La mente es algo formidable: comienza a trabajar desde que naces y sólo se detiene... cuando llega el momento... de hablar en público.

Recibir una invitación para presentar una ponencia, sea en una pequeña reunión científica o un congreso, es un privilegio y un reto que no siempre está al alcance de todos. La exposición oral nos somete a ciertas sensaciones para las cuales debemos prepararnos. La alegría que sentimos al recibir la invitación va mutando con el correr del tiempo hasta transformarse en una rara mezcla de ansiedad y temor cuando nos nombran para subir al estrado.

“La sala está llena de colegas, el presentador me invita a pasar al escenario para comenzar con el relato para el que fui invitado.
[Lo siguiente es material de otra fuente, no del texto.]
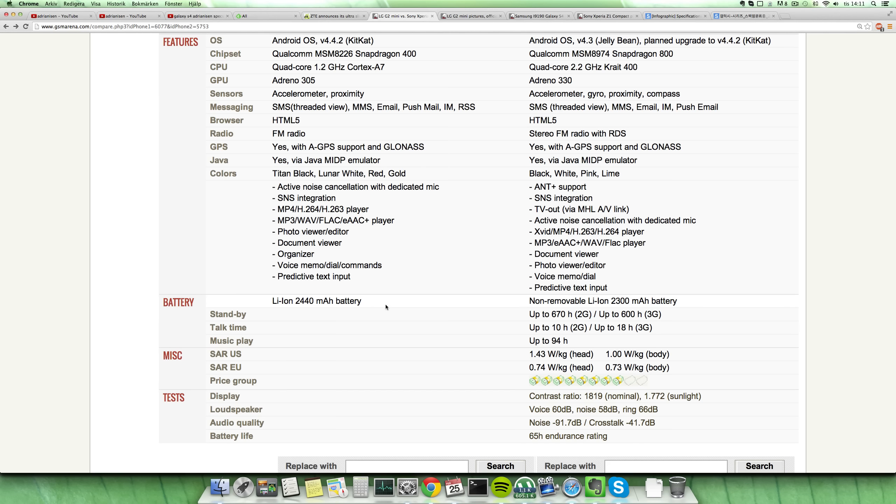And then we do have the battery area here which is actually pretty similar. You actually get a bigger battery here on the G2 Mini, just because probably they can stuff it in because it has a 4.7 inch display instead of a 4.3 inch display. So they have 2440 mAh battery versus 2300.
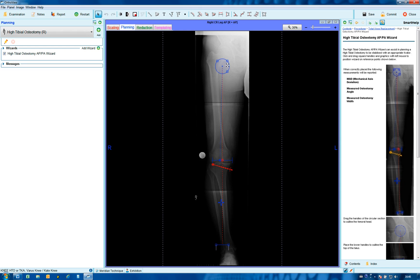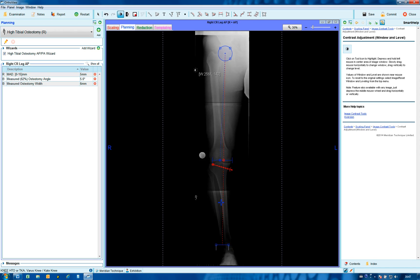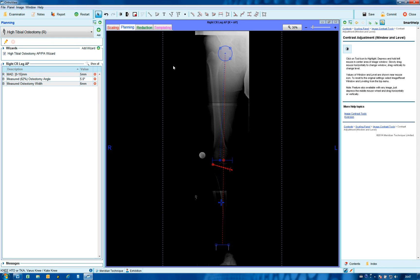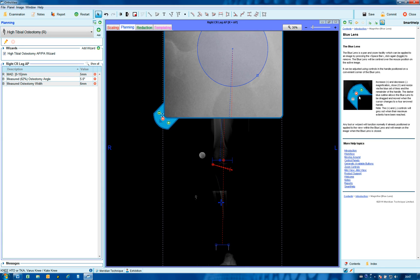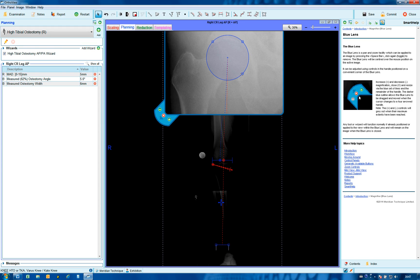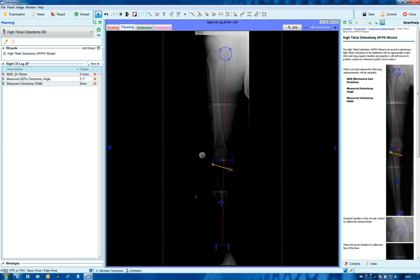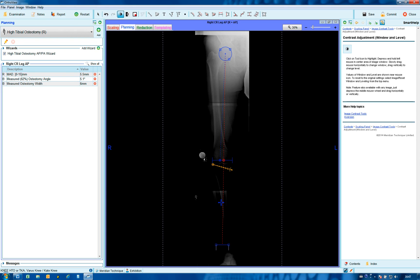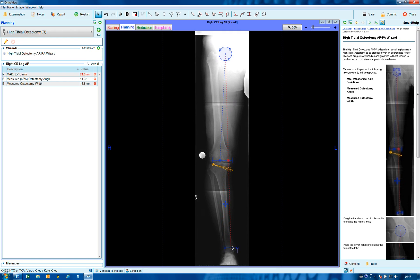Scale both images as needed in the usual way. Expand the long leg view and select the high tibial osteotomy wizard in the planning screen. Adjust the circle to the femoral head, altering contrast as needed, and use the blue magnifier to assist with viewing. Move the center to the femoral head and size as needed, adjusting contrast to suit.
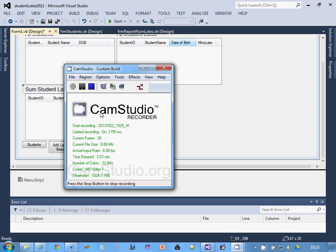Welcome to another video. This one's going to take you through how to use a data reader to display information in a list view control and how to filter it with a combo box. So without further ado, let's get cracking.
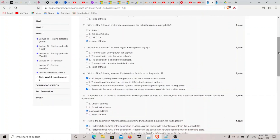The second question is: which host address represents the default route in a routing table? The default route is 0.0.0.0, so the answer will be 'none of these.'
Al pararme, las rodillas se aflojan y siento un leve temblor, transpiro frío, el corazón late desmedidamente como si quisiera salirse por mi garganta, la boca se seca y se torna demasiado pastosa, pienso que las próximas palabras que saldrán de mi boca serán algo así como inentendibles. Siento el deseo de estar en otra parte. Este hecho me acongoja” (Mariano Grilli dixit).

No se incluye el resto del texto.